■ **Exercise details**: Make an exact copy of every entry, leaving the pictures out.

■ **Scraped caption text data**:
=== Begin Enclosure ===

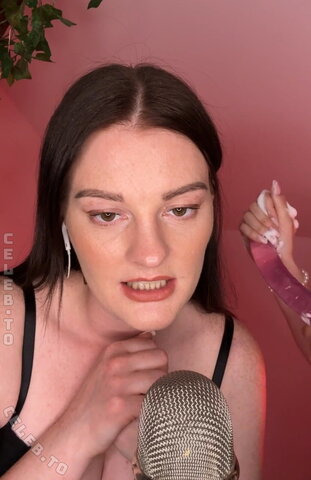 ASMR Janina nude photo 14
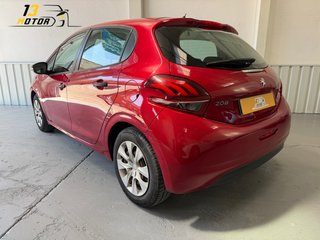 Peugeot 208 2016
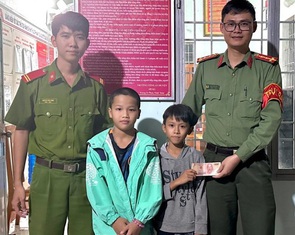 Nhặt được xấp tiền lớn, hai em nhỏ tìm cách trả cho người mất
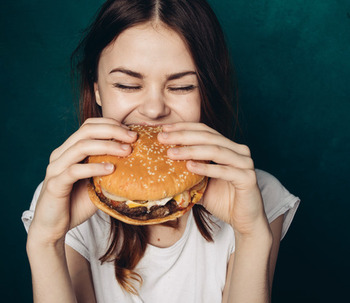 10 Efectos de la comida basura en nuestro cerebro y mente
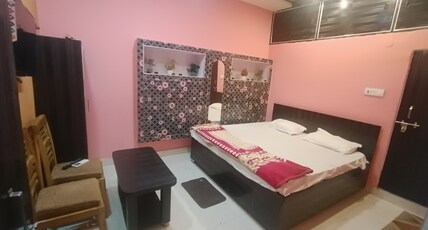 Vindhyachal Inn. Room Type - Deluxe Room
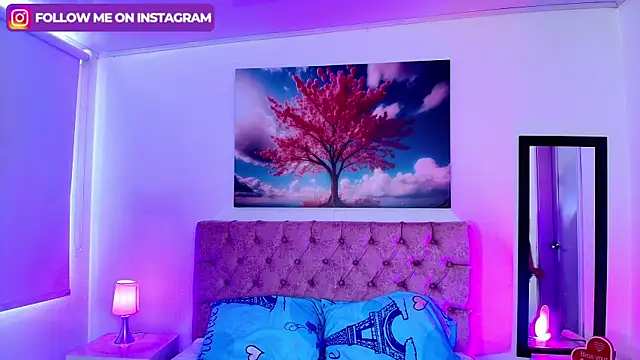 Emma monserrat online show from 10/08/25, 07:44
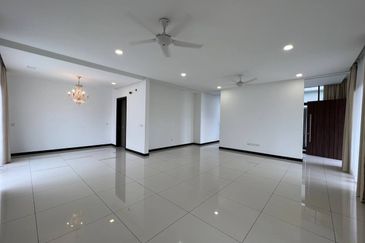 Tiana Elmina Gardens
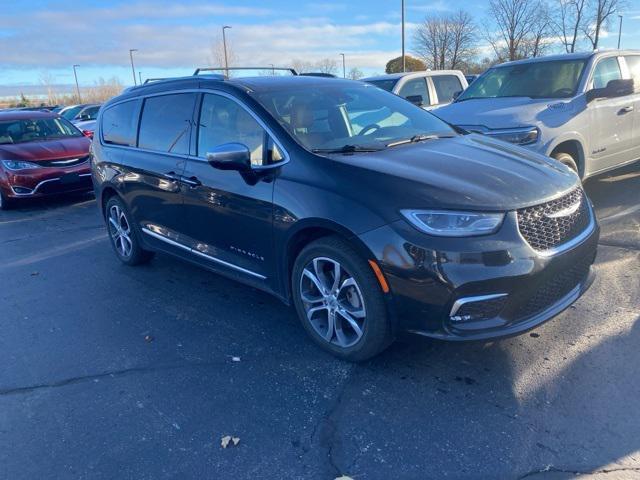 used 2021 Chrysler Pacifica car, priced at $35,925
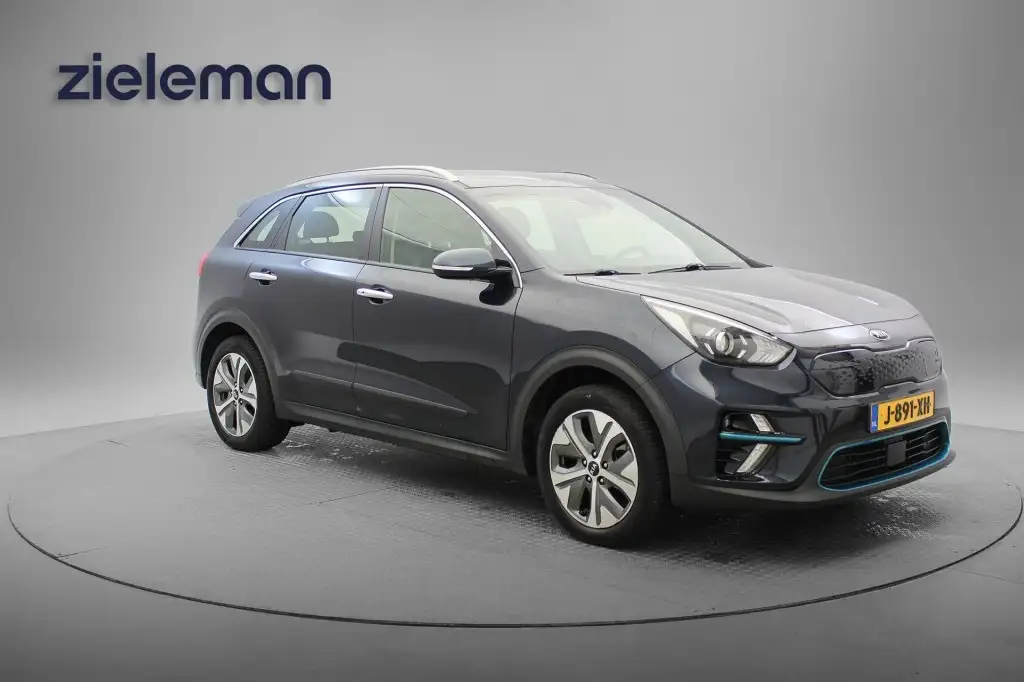 Kia e-Niro DynamicLine 64 kWh - Carplay, Stoelverw. Trekhaak,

=== End Enclosure ===

■ **Final answer**:
 ASMR Janina nude photo 14
 Peugeot 208 2016
 Nhặt được xấp tiền lớn, hai em nhỏ tìm cách trả cho người mất
 10 Efectos de la comida basura en nuestro cerebro y mente
 Vindhyachal Inn. Room Type - Deluxe Room
 Emma monserrat online show from 10/08/25, 07:44
 Tiana Elmina Gardens
 used 2021 Chrysler Pacifica car, priced at $35,925
 Kia e-Niro DynamicLine 64 kWh - Carplay, Stoelverw. Trekhaak,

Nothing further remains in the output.